July 30 (Reuters) - Gold prices edged off a two-week high on Friday, with a firmer dollar stalling the precious metal's rally after U.S. Federal Reserve Chair Jerome Powell reassured investors the central bank would remain accommodative for the time being.

Spot gold fell 0.2% to $1,824.43 per ounce by 10:05 am EDT. U.S. gold futures eased 0.4% to $1,829.30.

But gold was still en route to a weekly gain, having hit a two-week peak on Thursday after Powell said the U.S. job market still had some ground to cover before the Fed would pull back support.

"Gold looks strong at these levels and the fact that we're so far above $1,800 and the Fed didn't really say anything that is going to change course on asset purchases or any type of rate hike adds strength to the market," said Bob Haberkorn, senior market strategist at RJO Futures.

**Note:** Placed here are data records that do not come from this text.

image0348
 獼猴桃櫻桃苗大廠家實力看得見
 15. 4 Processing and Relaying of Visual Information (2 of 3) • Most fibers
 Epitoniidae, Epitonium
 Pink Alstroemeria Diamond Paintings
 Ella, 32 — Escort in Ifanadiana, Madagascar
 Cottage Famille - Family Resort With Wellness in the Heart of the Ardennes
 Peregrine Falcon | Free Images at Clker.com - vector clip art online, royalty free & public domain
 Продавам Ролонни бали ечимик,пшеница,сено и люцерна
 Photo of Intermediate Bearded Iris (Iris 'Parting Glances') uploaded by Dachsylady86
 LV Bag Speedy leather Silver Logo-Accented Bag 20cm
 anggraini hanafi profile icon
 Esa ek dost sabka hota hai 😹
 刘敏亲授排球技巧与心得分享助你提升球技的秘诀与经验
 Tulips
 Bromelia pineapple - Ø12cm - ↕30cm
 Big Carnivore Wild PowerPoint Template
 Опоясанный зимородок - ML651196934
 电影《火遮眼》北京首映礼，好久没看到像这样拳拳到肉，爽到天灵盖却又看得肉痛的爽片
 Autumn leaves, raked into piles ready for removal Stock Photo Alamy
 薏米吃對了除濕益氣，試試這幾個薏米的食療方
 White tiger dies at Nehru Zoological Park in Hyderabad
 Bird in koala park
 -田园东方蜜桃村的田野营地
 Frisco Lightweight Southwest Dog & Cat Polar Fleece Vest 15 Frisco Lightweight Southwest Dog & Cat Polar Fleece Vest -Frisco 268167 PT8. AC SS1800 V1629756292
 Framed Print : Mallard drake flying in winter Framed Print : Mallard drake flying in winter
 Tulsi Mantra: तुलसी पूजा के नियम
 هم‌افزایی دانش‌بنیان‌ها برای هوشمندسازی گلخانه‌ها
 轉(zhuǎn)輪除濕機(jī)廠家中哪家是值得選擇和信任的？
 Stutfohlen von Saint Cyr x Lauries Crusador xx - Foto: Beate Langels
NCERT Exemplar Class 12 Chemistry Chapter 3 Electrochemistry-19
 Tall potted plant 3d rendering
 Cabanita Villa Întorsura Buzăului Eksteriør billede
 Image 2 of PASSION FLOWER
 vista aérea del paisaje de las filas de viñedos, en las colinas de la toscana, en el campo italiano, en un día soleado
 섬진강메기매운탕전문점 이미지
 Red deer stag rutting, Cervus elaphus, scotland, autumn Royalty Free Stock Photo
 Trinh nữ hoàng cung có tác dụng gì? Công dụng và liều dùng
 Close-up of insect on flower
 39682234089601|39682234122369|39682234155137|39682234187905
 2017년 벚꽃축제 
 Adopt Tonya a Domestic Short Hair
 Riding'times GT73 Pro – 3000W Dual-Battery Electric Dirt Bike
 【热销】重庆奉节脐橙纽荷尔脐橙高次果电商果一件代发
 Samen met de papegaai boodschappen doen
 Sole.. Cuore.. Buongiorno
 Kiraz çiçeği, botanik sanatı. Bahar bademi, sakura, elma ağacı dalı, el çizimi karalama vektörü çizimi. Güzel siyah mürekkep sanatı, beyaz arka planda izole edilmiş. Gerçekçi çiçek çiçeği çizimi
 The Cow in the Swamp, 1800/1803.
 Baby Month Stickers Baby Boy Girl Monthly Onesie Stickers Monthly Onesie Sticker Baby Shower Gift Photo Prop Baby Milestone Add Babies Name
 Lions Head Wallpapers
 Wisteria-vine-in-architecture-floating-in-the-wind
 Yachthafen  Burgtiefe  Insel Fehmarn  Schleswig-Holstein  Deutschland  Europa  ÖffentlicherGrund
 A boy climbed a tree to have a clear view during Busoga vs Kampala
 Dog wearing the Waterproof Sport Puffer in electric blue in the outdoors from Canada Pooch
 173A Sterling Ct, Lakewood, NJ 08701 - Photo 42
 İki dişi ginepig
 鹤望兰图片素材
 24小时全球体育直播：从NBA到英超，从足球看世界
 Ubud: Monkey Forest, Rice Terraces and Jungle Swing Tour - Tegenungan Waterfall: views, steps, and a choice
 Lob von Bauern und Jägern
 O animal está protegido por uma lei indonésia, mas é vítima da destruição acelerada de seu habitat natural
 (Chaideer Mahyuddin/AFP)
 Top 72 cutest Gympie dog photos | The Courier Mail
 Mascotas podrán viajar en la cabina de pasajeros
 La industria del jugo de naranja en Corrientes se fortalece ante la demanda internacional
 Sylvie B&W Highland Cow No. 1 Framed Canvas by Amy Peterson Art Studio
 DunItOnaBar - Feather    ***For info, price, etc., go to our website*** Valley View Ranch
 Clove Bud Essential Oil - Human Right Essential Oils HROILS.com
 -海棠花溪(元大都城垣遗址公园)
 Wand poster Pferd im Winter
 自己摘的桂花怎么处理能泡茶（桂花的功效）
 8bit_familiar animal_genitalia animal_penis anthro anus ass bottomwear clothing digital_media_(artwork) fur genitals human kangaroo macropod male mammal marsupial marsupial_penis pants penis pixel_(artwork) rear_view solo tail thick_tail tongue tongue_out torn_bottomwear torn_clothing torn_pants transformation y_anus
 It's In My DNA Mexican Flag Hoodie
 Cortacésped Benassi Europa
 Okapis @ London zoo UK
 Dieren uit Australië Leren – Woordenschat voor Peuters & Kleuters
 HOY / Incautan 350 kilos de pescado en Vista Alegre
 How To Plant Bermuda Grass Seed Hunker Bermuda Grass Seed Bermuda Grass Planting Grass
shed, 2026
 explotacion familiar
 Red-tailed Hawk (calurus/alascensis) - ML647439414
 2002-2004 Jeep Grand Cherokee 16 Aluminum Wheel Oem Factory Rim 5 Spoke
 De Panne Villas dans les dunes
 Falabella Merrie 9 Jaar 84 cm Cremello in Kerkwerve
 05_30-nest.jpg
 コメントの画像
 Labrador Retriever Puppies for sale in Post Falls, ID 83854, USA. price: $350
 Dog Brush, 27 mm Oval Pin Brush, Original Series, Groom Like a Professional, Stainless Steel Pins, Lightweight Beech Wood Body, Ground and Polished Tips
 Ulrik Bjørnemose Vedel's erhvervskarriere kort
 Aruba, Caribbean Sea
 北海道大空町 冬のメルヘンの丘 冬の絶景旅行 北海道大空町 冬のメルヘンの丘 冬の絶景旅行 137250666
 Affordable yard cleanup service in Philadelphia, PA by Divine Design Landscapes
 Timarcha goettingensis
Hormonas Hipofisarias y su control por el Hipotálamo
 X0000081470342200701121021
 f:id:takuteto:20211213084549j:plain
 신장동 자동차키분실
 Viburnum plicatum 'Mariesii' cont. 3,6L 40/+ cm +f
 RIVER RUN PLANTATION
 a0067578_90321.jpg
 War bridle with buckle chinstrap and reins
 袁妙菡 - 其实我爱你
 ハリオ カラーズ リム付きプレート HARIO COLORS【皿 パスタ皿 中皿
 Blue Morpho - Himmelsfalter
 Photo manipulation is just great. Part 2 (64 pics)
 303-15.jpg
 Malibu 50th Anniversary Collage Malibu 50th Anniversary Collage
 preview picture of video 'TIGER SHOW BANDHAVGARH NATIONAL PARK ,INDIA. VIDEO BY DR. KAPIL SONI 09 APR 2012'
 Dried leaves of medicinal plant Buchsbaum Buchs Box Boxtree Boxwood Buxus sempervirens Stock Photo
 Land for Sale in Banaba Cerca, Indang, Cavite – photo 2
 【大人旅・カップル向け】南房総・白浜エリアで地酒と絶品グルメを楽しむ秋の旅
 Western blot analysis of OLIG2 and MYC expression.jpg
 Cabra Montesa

Haberkorn, however, said data showing a rise in core inflation at a slightly slower-than-expected pace last month, coupled with a stronger dollar, was currently weighing on the precious metal.

Gold is traditionally seen as a hedge against inflation.

The dollar index, which had slipped to a one-month low earlier, was up 0.1%, reducing gold's appeal for other currency holders.

"The bar remains razor thin for a pullback in gold, as the precious metal's relatively weak price action, despite real yields hitting new all-time lows, continues to signal there is a lack of impetus from speculators to buy the yellow metal," TD Securities wrote in a note.

Gold competes with government bond yields as a safe-haven asset during uncertain times and lower yields decrease the opportunity cost of holding gold, which pays no interest.

Elsewhere, silver was steady at $25.52 per ounce and was on track for its first weekly gain in four.